→ Supplied data:
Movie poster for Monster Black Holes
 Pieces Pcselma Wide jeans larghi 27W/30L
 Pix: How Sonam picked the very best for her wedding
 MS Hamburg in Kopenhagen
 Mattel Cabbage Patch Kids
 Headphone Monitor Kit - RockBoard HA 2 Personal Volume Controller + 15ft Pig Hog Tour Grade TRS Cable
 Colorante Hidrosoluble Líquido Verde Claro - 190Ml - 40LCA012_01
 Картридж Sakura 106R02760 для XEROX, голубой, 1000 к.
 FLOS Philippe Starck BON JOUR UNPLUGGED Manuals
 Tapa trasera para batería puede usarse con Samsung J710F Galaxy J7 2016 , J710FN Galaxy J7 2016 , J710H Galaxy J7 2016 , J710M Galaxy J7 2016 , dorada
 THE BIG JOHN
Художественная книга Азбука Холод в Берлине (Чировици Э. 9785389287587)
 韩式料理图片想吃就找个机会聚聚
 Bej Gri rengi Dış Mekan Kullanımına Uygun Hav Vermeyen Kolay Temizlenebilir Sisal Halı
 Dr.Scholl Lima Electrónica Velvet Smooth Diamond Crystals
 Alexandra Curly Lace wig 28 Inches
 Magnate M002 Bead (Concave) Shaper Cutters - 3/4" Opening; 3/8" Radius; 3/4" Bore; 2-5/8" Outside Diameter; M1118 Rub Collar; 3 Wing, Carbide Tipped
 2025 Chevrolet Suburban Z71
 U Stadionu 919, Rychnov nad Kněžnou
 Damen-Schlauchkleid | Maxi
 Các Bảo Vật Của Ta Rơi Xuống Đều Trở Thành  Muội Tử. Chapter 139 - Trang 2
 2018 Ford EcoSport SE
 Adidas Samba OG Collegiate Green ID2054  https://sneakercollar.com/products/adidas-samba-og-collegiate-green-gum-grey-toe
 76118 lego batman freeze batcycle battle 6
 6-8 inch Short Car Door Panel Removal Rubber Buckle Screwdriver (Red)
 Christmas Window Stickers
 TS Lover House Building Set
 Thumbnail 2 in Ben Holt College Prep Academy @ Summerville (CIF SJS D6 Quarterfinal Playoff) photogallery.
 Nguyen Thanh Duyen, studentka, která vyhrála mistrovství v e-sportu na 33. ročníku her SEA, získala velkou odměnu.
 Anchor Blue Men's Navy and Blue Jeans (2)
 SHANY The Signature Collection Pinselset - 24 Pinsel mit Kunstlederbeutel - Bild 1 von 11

→ Work request: Look above for the line holding "Pix: How Sonam", then set down exactly that line and every line after it up to and including the line holding "U Stadionu 919, Rychnov nad Kněžnou", with nothing else.

→ Answer:
 Pix: How Sonam picked the very best for her wedding
 MS Hamburg in Kopenhagen
 Mattel Cabbage Patch Kids
 Headphone Monitor Kit - RockBoard HA 2 Personal Volume Controller + 15ft Pig Hog Tour Grade TRS Cable
 Colorante Hidrosoluble Líquido Verde Claro - 190Ml - 40LCA012_01
 Картридж Sakura 106R02760 для XEROX, голубой, 1000 к.
 FLOS Philippe Starck BON JOUR UNPLUGGED Manuals
 Tapa trasera para batería puede usarse con Samsung J710F Galaxy J7 2016 , J710FN Galaxy J7 2016 , J710H Galaxy J7 2016 , J710M Galaxy J7 2016 , dorada
 THE BIG JOHN
Художественная книга Азбука Холод в Берлине (Чировици Э. 9785389287587)
 韩式料理图片想吃就找个机会聚聚
 Bej Gri rengi Dış Mekan Kullanımına Uygun Hav Vermeyen Kolay Temizlenebilir Sisal Halı
 Dr.Scholl Lima Electrónica Velvet Smooth Diamond Crystals
 Alexandra Curly Lace wig 28 Inches
 Magnate M002 Bead (Concave) Shaper Cutters - 3/4" Opening; 3/8" Radius; 3/4" Bore; 2-5/8" Outside Diameter; M1118 Rub Collar; 3 Wing, Carbide Tipped
 2025 Chevrolet Suburban Z71
 U Stadionu 919, Rychnov nad Kněžnou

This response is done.